Whatever happened to “asked and answered”? That dope kept hammering away at “falling”. Good on the witness for not allowing himself to be cowed into a false admission.

The interview was not testimony. What one says in relatively casual circumstances cannot in any reasonable way be taken as equivalent to sworn testimony.

I’m thinking the political future of Mr. Prosecutor is looking dim and grim at this time.

Mors tyrannis.

The man brought an AR-15 to a riot and shot three people, two of whom died.

Of course this matter needed to be brought to a trial. While we can look at this and decide that it was self defense, it would be improper for a prosecutor to make that decision by himself. This needs to go to a jury. Anything else will leave one side or the other convinced that the fix was in.

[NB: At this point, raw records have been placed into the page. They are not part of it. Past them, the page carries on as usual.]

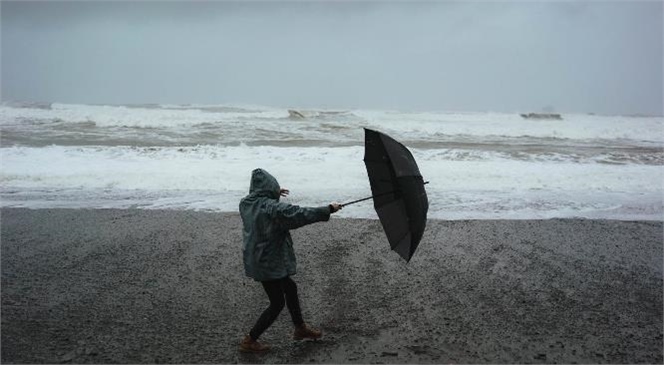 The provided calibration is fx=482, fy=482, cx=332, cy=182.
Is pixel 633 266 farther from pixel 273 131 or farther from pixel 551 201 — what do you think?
pixel 273 131

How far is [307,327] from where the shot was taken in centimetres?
392

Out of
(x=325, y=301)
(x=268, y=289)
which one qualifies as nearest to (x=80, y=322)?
(x=268, y=289)

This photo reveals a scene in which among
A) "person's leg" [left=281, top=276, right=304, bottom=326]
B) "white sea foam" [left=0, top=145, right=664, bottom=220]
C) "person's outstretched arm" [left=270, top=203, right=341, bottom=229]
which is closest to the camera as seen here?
"person's outstretched arm" [left=270, top=203, right=341, bottom=229]

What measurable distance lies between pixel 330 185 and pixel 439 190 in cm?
222

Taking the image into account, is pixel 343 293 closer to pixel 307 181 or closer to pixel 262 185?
pixel 262 185

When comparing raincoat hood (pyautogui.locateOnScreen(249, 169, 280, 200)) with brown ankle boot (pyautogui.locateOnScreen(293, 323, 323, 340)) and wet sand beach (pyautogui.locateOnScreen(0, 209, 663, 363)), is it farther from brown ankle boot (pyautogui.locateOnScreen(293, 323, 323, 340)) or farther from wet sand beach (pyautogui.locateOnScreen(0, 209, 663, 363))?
wet sand beach (pyautogui.locateOnScreen(0, 209, 663, 363))

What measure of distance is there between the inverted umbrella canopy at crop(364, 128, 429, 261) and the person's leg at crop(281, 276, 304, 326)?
0.83 m

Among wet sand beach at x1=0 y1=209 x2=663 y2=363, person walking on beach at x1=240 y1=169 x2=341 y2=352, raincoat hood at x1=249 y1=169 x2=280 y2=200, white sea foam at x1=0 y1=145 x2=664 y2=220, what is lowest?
wet sand beach at x1=0 y1=209 x2=663 y2=363

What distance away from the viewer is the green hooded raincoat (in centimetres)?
336

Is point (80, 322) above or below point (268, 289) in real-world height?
below

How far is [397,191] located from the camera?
12.0ft

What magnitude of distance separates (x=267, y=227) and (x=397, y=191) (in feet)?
3.34

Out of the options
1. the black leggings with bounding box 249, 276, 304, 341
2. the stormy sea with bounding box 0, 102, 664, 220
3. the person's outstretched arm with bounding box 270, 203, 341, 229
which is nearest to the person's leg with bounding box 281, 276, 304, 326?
the black leggings with bounding box 249, 276, 304, 341

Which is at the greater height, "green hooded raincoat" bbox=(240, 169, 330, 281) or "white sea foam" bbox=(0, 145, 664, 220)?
"green hooded raincoat" bbox=(240, 169, 330, 281) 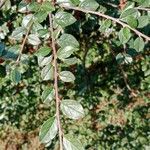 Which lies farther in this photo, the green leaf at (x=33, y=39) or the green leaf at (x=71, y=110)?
the green leaf at (x=33, y=39)

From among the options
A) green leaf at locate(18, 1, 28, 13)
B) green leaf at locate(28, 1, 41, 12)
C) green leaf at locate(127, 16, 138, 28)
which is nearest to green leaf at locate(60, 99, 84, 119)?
green leaf at locate(127, 16, 138, 28)

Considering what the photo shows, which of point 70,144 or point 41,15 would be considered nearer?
point 70,144

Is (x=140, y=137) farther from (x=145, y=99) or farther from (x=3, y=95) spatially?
(x=3, y=95)

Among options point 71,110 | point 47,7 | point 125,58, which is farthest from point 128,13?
point 125,58

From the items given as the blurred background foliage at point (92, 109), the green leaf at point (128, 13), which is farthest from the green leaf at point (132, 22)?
the blurred background foliage at point (92, 109)

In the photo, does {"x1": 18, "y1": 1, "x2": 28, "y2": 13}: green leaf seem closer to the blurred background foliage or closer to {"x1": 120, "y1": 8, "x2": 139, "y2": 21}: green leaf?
{"x1": 120, "y1": 8, "x2": 139, "y2": 21}: green leaf

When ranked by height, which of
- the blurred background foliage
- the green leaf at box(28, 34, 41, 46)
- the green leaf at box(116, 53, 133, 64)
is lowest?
the blurred background foliage

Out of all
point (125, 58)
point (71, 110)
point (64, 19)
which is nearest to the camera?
point (71, 110)

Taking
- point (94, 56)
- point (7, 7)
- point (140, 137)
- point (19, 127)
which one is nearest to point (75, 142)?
point (7, 7)

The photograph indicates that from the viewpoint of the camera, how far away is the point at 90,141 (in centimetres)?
369

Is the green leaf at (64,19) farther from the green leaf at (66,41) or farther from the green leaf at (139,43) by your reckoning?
the green leaf at (139,43)

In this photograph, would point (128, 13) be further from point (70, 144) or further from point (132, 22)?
point (70, 144)

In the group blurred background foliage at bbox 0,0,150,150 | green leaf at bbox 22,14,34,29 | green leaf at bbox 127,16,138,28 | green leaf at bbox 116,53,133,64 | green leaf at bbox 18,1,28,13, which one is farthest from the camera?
blurred background foliage at bbox 0,0,150,150

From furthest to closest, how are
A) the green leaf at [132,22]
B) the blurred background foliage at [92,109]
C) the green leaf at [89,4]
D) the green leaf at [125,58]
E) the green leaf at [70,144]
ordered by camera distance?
the blurred background foliage at [92,109] < the green leaf at [125,58] < the green leaf at [89,4] < the green leaf at [132,22] < the green leaf at [70,144] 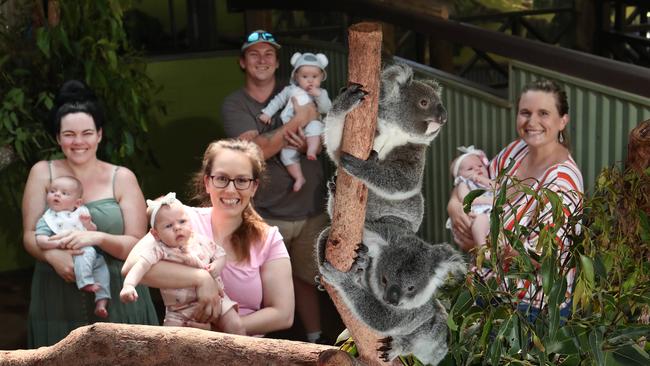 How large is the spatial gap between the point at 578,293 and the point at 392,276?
1.05ft

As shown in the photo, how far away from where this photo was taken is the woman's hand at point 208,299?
2762mm

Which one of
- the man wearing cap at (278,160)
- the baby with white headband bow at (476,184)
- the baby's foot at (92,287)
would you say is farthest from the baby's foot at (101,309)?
the baby with white headband bow at (476,184)

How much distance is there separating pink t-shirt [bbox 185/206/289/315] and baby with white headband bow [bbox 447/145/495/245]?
2.04ft

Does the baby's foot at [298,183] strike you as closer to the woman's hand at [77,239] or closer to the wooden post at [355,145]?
the woman's hand at [77,239]

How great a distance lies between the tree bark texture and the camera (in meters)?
2.01

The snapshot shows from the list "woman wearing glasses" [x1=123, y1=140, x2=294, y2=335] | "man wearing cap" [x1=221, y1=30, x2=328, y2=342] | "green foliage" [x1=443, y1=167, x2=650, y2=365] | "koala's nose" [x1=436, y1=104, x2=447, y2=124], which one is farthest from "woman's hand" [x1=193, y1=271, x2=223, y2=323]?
"koala's nose" [x1=436, y1=104, x2=447, y2=124]

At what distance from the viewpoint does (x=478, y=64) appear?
7961mm

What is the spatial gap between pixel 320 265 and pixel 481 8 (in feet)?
21.1

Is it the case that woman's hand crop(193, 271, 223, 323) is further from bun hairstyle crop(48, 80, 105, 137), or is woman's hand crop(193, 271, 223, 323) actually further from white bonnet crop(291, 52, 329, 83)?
white bonnet crop(291, 52, 329, 83)

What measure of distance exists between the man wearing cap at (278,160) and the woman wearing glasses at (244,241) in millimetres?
943

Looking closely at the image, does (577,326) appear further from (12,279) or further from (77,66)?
(12,279)

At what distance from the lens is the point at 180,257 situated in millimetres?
2859

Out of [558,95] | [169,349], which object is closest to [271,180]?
[558,95]

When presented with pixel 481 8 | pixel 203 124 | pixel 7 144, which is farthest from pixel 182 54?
pixel 481 8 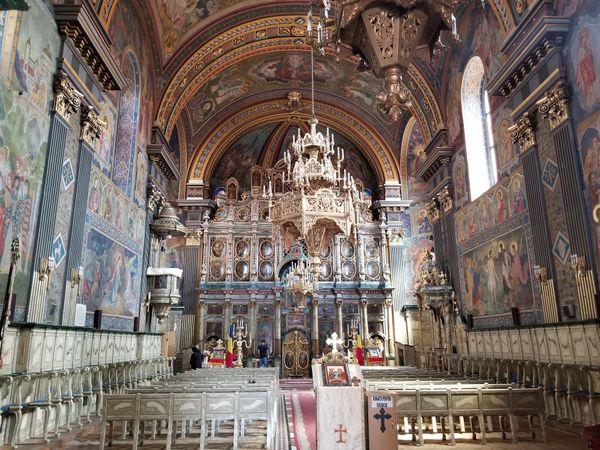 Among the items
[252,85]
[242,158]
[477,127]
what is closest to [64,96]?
[477,127]

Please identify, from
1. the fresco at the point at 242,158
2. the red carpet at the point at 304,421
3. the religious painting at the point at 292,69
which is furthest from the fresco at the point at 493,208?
the fresco at the point at 242,158

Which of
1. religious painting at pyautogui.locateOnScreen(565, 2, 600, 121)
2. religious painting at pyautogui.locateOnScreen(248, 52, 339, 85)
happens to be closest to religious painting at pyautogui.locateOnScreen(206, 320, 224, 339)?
religious painting at pyautogui.locateOnScreen(248, 52, 339, 85)

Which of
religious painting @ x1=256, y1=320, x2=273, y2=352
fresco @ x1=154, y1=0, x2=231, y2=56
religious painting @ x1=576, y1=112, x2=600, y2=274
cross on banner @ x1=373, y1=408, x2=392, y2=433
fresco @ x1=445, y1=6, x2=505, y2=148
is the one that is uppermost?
fresco @ x1=154, y1=0, x2=231, y2=56

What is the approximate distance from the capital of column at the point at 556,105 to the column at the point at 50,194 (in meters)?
9.07

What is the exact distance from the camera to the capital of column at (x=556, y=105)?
8.44m

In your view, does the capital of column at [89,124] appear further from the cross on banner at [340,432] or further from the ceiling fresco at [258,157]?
the ceiling fresco at [258,157]

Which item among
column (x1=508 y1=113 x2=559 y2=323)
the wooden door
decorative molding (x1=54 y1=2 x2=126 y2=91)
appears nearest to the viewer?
decorative molding (x1=54 y1=2 x2=126 y2=91)

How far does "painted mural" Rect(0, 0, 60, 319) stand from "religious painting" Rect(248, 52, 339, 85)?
1116 centimetres

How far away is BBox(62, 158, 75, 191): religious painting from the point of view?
8547 millimetres

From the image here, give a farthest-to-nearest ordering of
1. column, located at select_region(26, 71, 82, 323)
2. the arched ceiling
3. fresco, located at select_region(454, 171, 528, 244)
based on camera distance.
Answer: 1. the arched ceiling
2. fresco, located at select_region(454, 171, 528, 244)
3. column, located at select_region(26, 71, 82, 323)

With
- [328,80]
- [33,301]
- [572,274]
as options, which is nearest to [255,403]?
[33,301]

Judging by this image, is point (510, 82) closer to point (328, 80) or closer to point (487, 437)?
point (487, 437)

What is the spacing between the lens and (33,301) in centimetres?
735

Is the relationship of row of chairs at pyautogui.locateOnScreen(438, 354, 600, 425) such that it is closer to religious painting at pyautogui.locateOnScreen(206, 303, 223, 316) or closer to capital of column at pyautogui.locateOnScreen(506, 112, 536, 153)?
capital of column at pyautogui.locateOnScreen(506, 112, 536, 153) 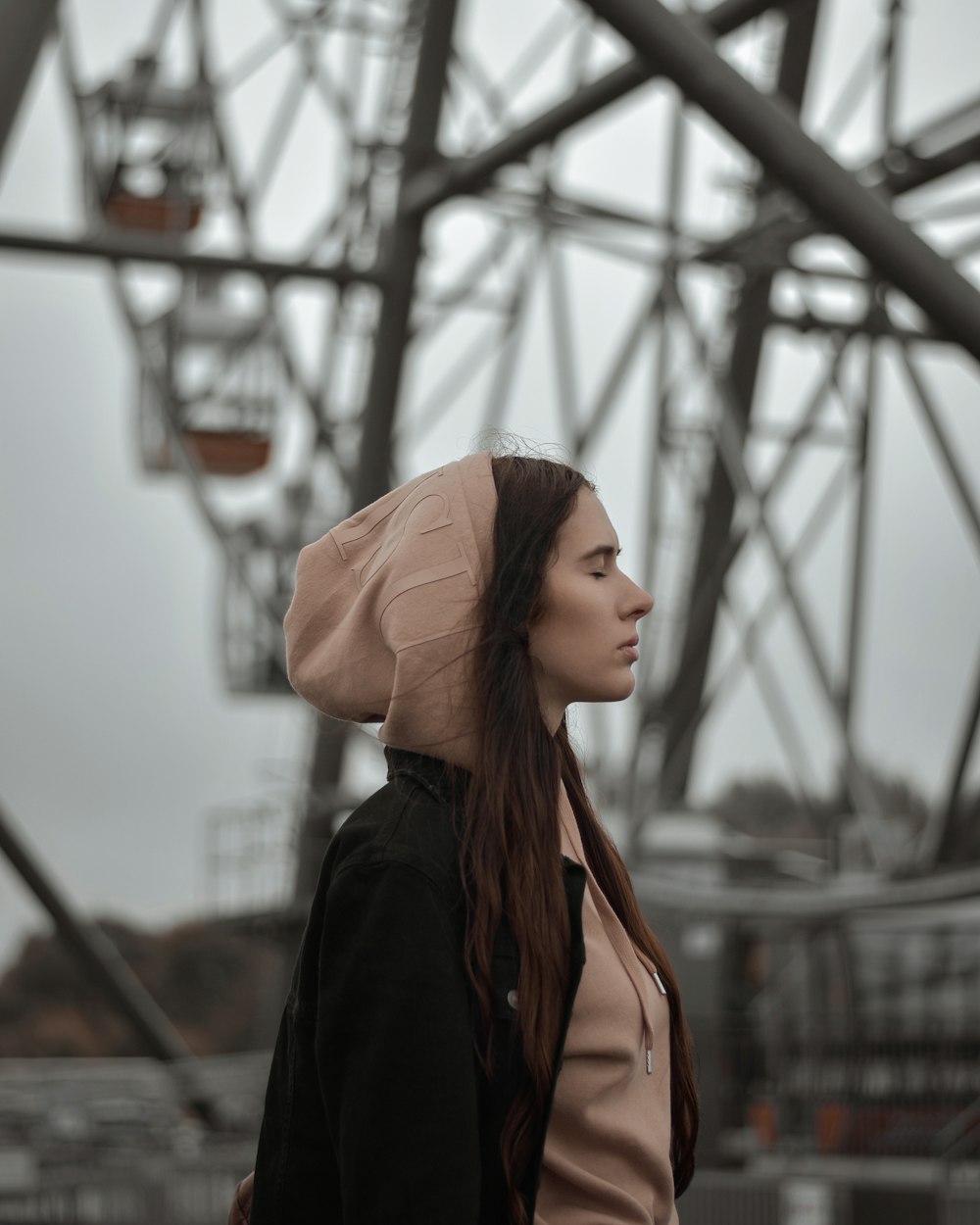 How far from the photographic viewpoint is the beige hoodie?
2.76m

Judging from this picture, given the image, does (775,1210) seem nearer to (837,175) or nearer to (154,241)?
(837,175)

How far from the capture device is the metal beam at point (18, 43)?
8.07m

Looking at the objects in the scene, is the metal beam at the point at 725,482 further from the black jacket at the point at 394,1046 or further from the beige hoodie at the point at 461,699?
the black jacket at the point at 394,1046

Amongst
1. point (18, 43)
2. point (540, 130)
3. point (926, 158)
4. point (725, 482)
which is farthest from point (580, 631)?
point (725, 482)

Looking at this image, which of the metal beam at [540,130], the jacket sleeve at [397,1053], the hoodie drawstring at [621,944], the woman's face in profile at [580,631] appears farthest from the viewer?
the metal beam at [540,130]

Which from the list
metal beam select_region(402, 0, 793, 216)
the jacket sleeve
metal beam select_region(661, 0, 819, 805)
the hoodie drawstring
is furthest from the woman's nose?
metal beam select_region(661, 0, 819, 805)

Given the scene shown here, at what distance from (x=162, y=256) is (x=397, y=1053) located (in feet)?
47.6

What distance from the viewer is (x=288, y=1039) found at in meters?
2.88

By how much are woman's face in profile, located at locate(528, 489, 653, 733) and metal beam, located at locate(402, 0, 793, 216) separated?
7.94 m

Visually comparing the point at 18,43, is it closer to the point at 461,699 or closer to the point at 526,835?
the point at 461,699

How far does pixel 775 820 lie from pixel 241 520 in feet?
146

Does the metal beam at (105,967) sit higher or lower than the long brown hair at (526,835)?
lower

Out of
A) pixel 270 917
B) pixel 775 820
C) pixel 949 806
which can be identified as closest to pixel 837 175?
pixel 949 806

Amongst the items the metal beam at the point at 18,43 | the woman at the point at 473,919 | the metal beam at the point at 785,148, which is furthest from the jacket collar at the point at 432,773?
the metal beam at the point at 18,43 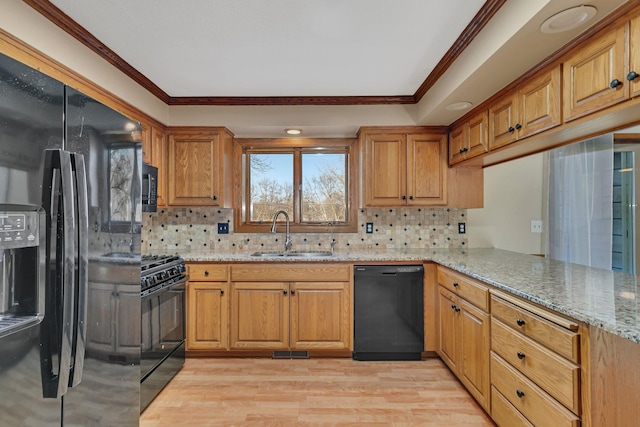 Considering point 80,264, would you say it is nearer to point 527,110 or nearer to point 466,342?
point 466,342

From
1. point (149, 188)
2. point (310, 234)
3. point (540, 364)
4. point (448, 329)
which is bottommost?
point (448, 329)

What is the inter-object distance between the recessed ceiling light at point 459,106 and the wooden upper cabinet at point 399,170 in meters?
0.51

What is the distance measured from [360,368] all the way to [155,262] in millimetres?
1818

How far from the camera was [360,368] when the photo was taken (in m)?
2.68

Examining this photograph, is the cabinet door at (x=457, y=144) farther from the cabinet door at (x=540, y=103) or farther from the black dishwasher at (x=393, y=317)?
the black dishwasher at (x=393, y=317)

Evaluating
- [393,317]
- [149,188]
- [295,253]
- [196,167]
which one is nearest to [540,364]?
[393,317]

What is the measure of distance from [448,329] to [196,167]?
266cm

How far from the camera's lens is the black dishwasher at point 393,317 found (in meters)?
2.82

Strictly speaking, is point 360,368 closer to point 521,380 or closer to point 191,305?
point 521,380

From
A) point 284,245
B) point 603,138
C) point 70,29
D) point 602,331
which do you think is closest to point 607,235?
point 603,138

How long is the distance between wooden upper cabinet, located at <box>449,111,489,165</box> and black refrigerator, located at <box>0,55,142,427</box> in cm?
241

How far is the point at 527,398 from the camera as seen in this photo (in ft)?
5.07

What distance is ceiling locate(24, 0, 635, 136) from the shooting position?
1708mm

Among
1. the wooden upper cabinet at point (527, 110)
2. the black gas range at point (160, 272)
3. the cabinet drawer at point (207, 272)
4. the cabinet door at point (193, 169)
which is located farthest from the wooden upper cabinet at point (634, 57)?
the cabinet door at point (193, 169) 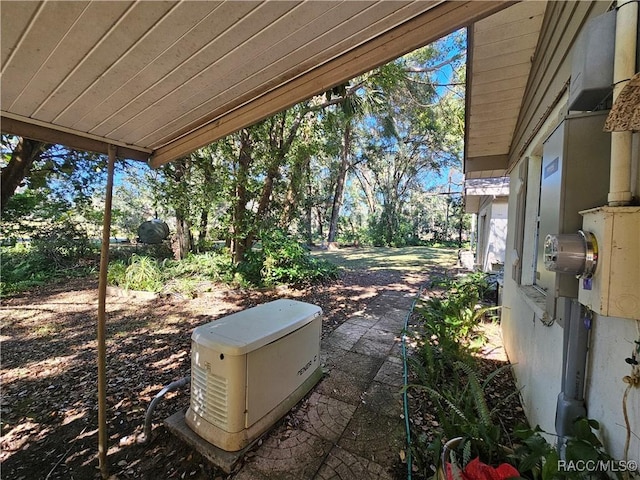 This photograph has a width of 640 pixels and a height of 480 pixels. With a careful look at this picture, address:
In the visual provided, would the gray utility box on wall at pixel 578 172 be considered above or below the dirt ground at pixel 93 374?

So far, what I’ve seen leads me strongly to vote “not guilty.” But our system doesn’t leave that decision in my hands, nor would I want it to. So talk of wrongful prosecution is off-base.

    TrumpWon in reply to bobby b. | November 9, 2021 at 1:45 pm

    Why do you assume that “of course this matter needed to be brought to a trial”?? As if there is no non-criminal use of a firearm? Incidents of self-defense require no trials. It is obvious that it was self-defense, and it was on video.